= ACTION ITEM =
Make an exact copy of the entries below, with all images left out.

= GIVEN DATA =
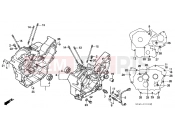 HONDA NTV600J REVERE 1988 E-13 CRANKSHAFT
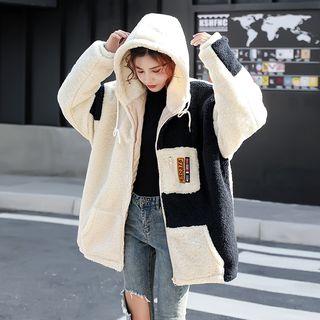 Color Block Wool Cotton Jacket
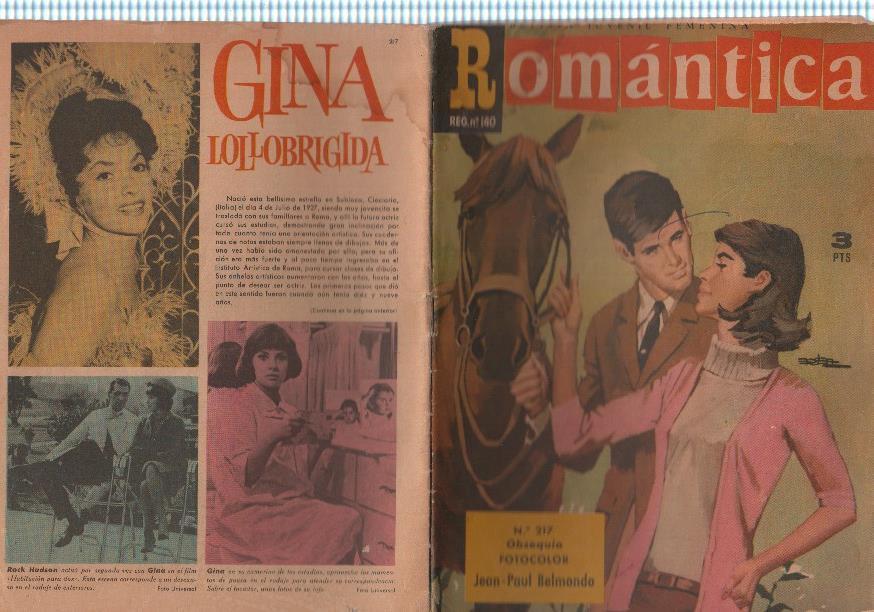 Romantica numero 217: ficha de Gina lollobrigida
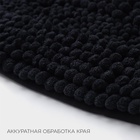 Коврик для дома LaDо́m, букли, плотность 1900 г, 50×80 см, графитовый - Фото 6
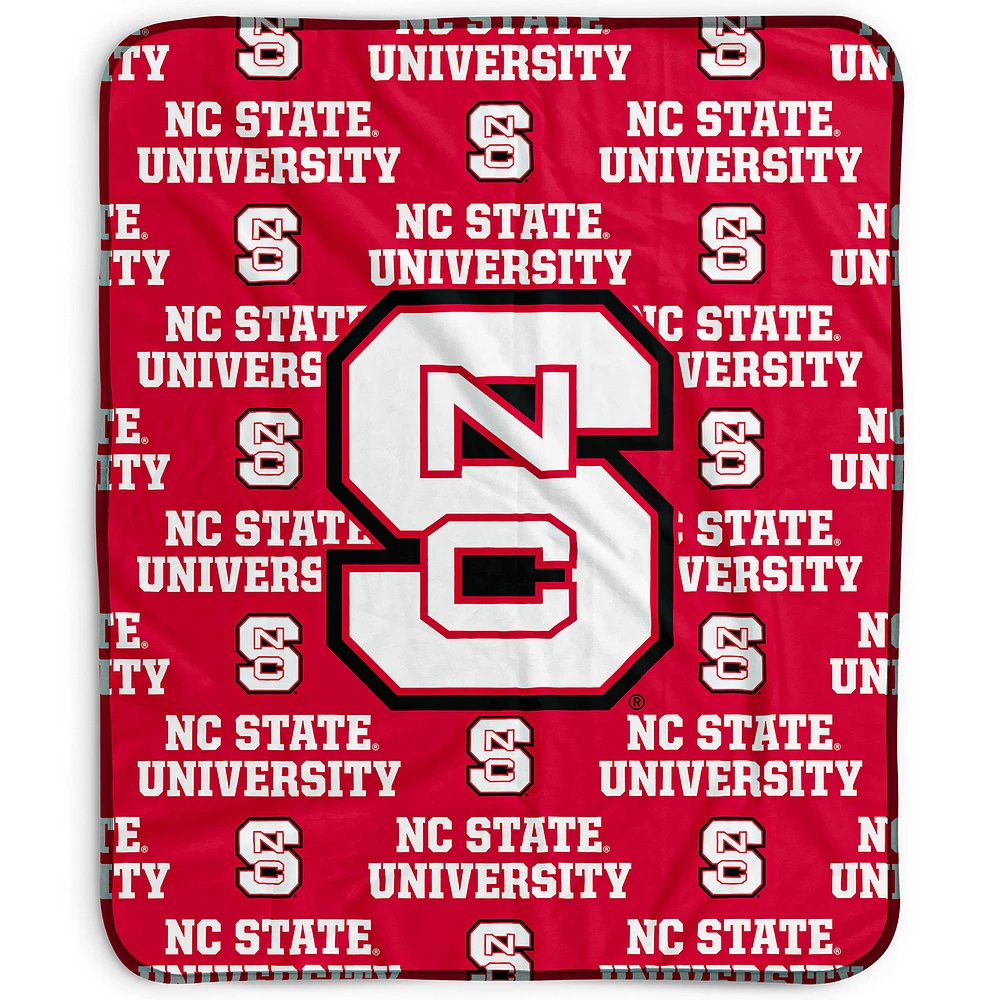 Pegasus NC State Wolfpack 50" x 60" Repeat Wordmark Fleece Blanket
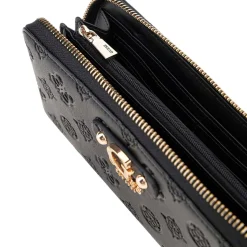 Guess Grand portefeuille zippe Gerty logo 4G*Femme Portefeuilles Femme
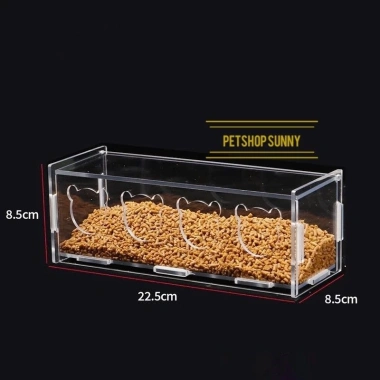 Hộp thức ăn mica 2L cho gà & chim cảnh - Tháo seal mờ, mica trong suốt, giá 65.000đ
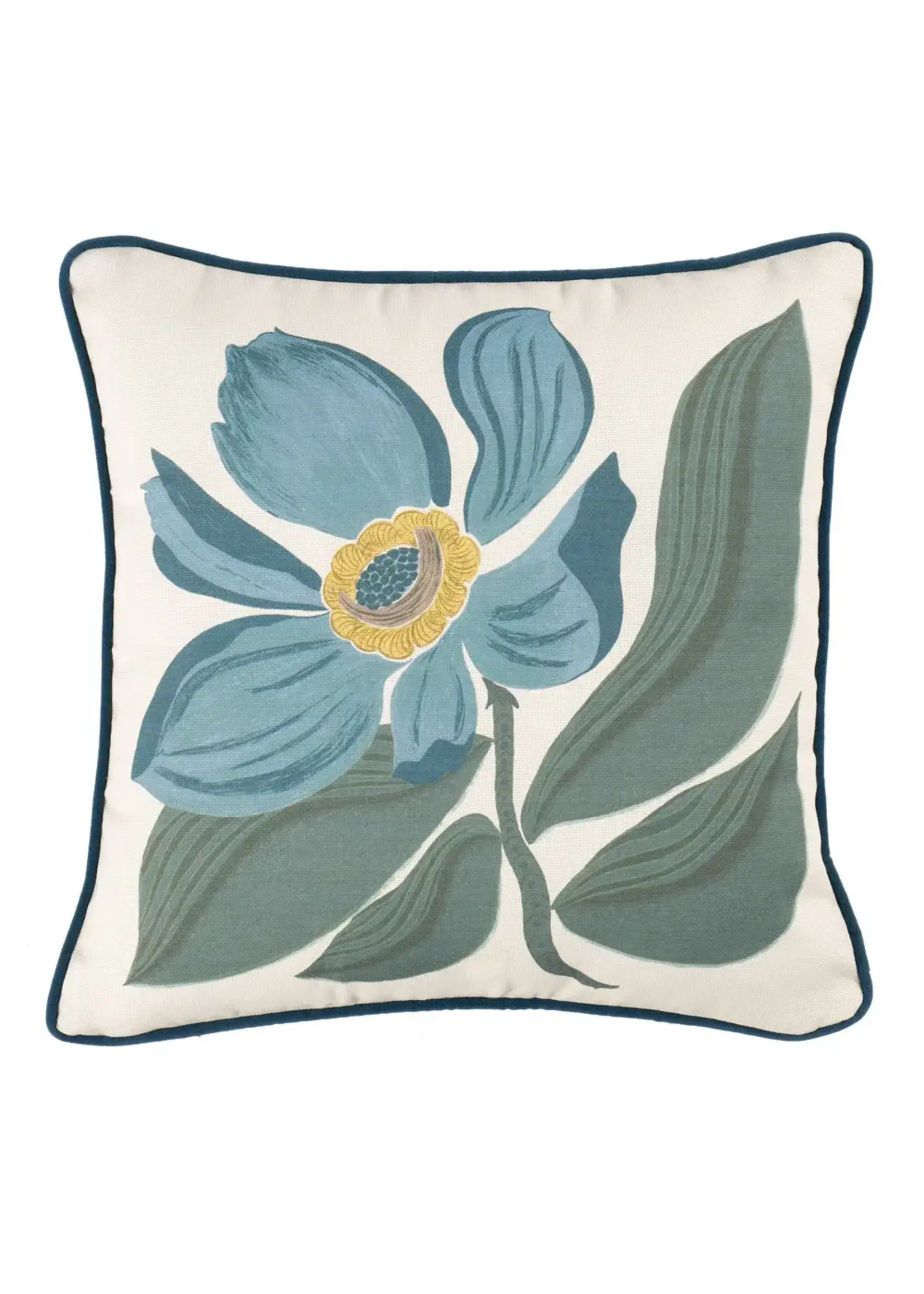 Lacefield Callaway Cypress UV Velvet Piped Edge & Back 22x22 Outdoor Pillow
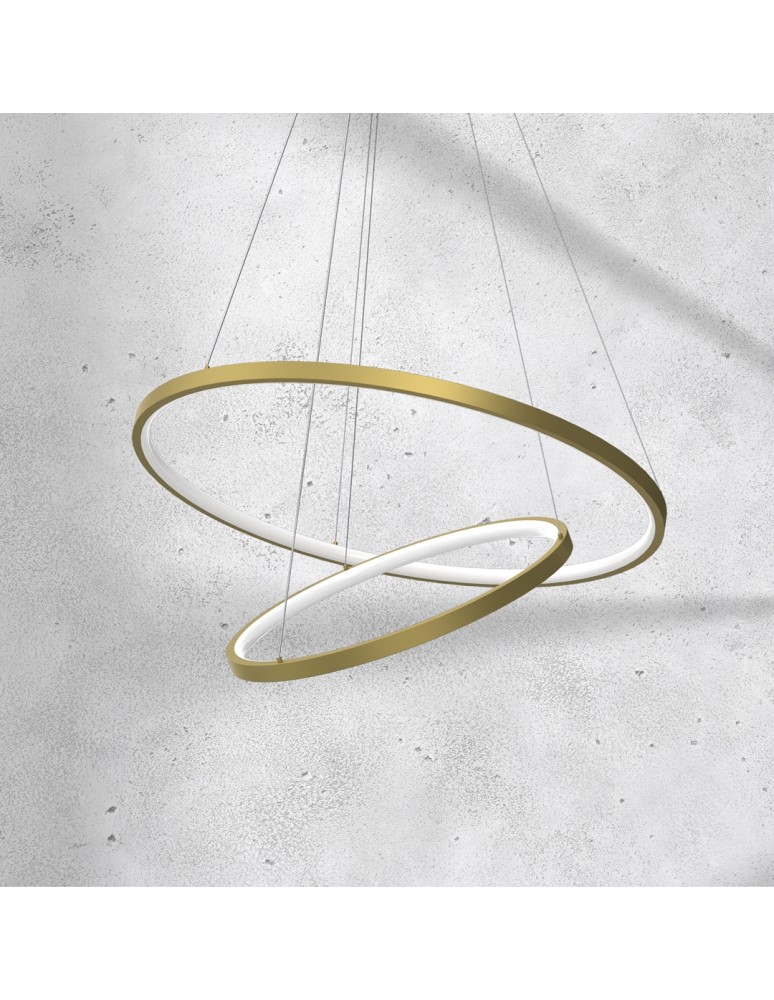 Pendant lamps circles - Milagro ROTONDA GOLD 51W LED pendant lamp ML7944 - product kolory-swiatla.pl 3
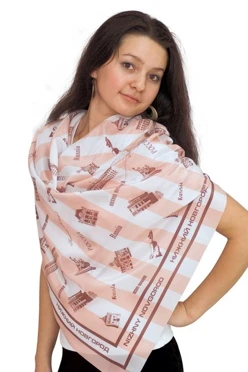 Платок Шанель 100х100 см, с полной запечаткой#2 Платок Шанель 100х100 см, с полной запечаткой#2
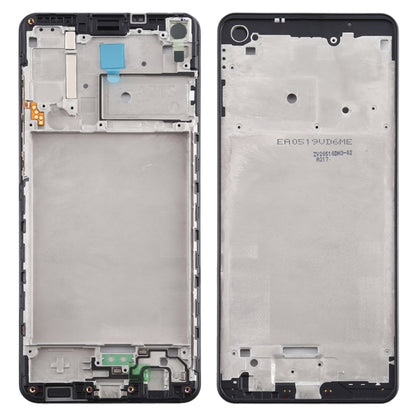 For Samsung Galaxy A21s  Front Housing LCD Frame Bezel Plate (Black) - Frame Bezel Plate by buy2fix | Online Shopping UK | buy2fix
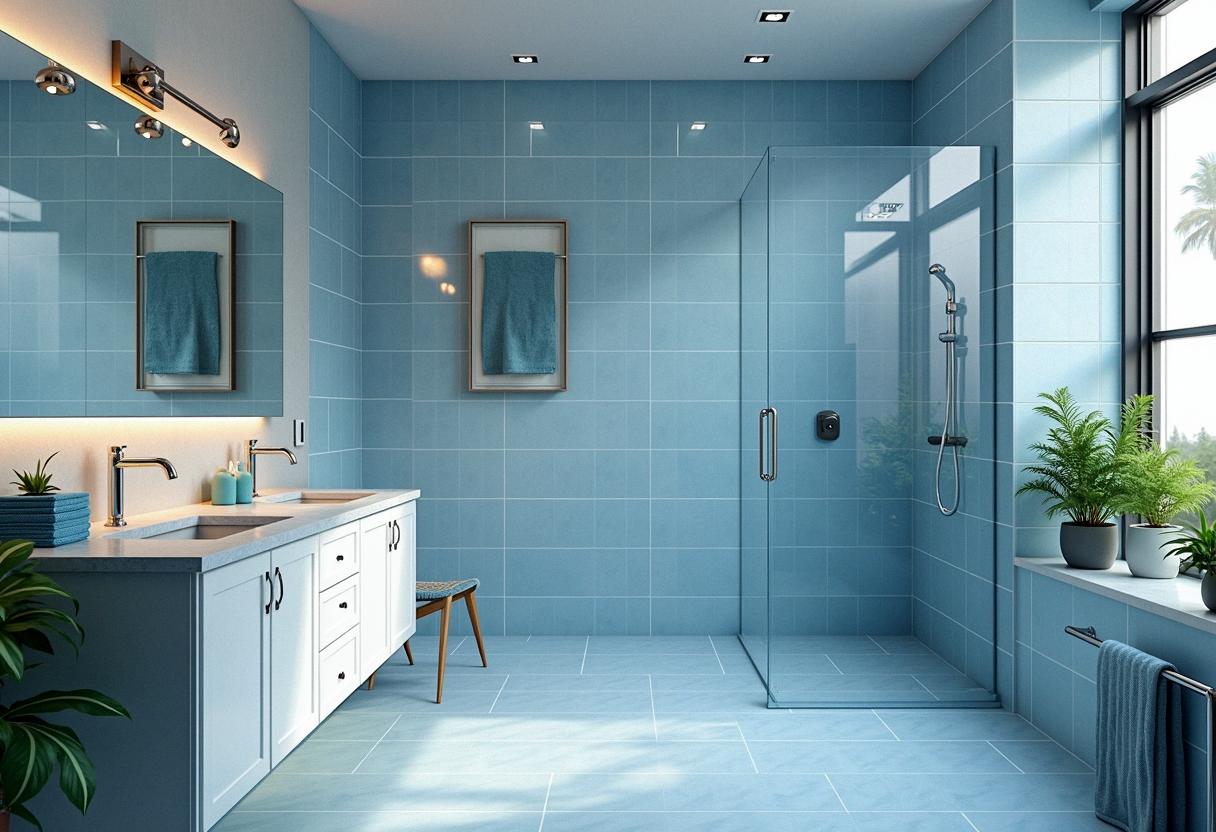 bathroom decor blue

= EXERCISE SOLUTION =
 HONDA NTV600J REVERE 1988 E-13 CRANKSHAFT
 Color Block Wool Cotton Jacket
 Romantica numero 217: ficha de Gina lollobrigida
 Коврик для дома LaDо́m, букли, плотность 1900 г, 50×80 см, графитовый - Фото 6
 Pegasus NC State Wolfpack 50" x 60" Repeat Wordmark Fleece Blanket
 Guess Grand portefeuille zippe Gerty logo 4G*Femme Portefeuilles Femme
 Hộp thức ăn mica 2L cho gà & chim cảnh - Tháo seal mờ, mica trong suốt, giá 65.000đ
 Lacefield Callaway Cypress UV Velvet Piped Edge & Back 22x22 Outdoor Pillow
 Pendant lamps circles - Milagro ROTONDA GOLD 51W LED pendant lamp ML7944 - product kolory-swiatla.pl 3
 Платок Шанель 100х100 см, с полной запечаткой#2 Платок Шанель 100х100 см, с полной запечаткой#2
 For Samsung Galaxy A21s  Front Housing LCD Frame Bezel Plate (Black) - Frame Bezel Plate by buy2fix | Online Shopping UK | buy2fix
 bathroom decor blue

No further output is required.